LAX ... was its usual crazy self; even worse for it being Friday evening. Don’t even ask what it’s like at holiday times; it’s why I take the whole week at Thanksgiving, to avoid the worst of the crush. The world’s third-busiest airport; there’s no space for further expansion. Which is why Burbank (Bob Hope), John Wayne, Ontario and Long Beach are taking an increasing amount of the strain.
The flight time LAX-ATL is four hours (yeah, I know, I know, real dumb traveling that far for a two-day weekend away) in the air, plus the usual hassles – moving around the airport to the correct departure lounge, negotiating the TSA security checkpoint, waiting for boarding, and all the rest. At least we had each other to talk with while we waited in line; whenever I’m flying on my own, a good book is absolutely essential.
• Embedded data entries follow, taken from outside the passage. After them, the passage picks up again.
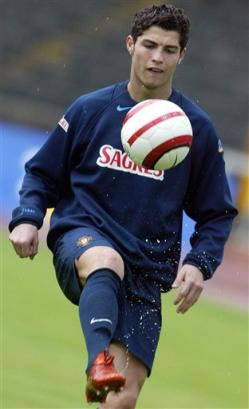 c ronaldo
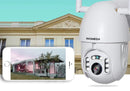 Auto Tracking Speed Dome Camera - gadgetooze
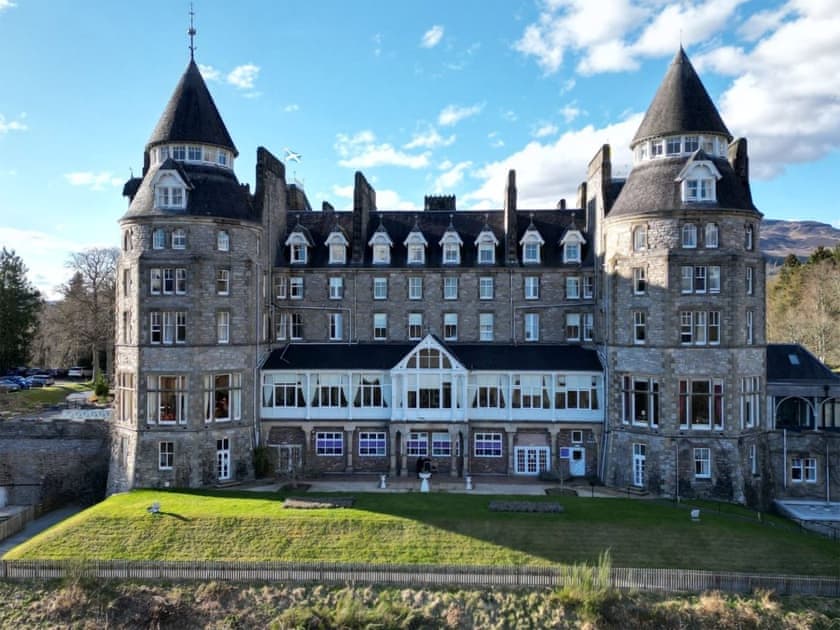 Exterior | Gatehouse Lodge - Atholl Palace Holidays, Pitlochry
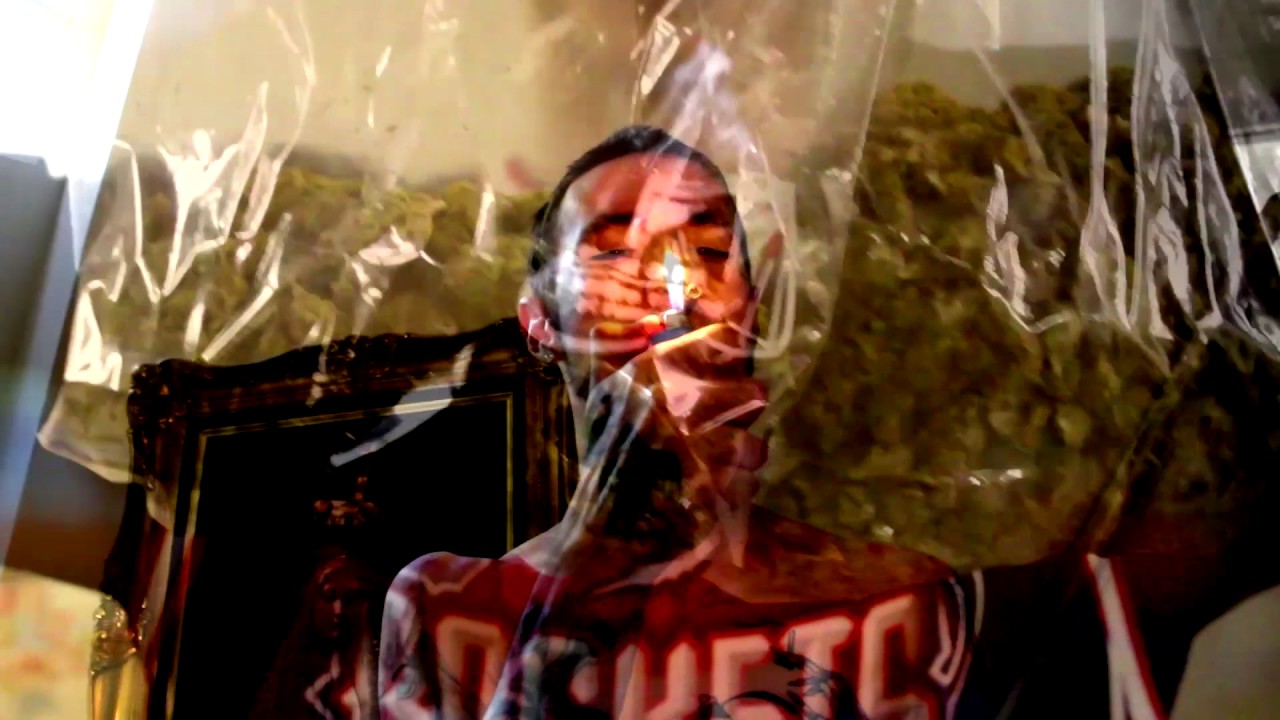 HURRICANE XANDY - ON ME PROD. TREVINTHECUT  [OFFICAL VIDEO]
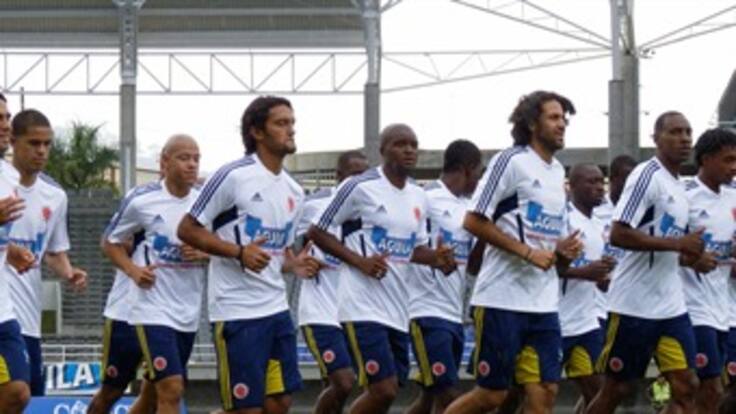 Colombia con varios cambios enfrentará a Senegal en Medellín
We were placed in Business Class, which was a welcome step up from my usual coach – call me a tightwad, but I normally quibble with the massive price differential as to exactly where on the airplane I’m sitting reading my book and trying to ignore the discomfort of fitting my six-two frame into a seat designed by a midget with an obsession for cramming a quart into a twelve-ounce glass.
During our twenty-minute ‘taxiing’ before actual takeoff, I informed Mel we had Helga to thank for our more luxurious seats. She grinned and assured me five-ten with long legs was extremely grateful not to be scraping her knees on the back of the seat in front, as usually happened.
My secretary had confided she’d been a little lucky to secure my booking thirty-odd hours before the flight, even with two weeks elapsed since the Memorial Day holiday rush, and, actually, our situation could have been worse.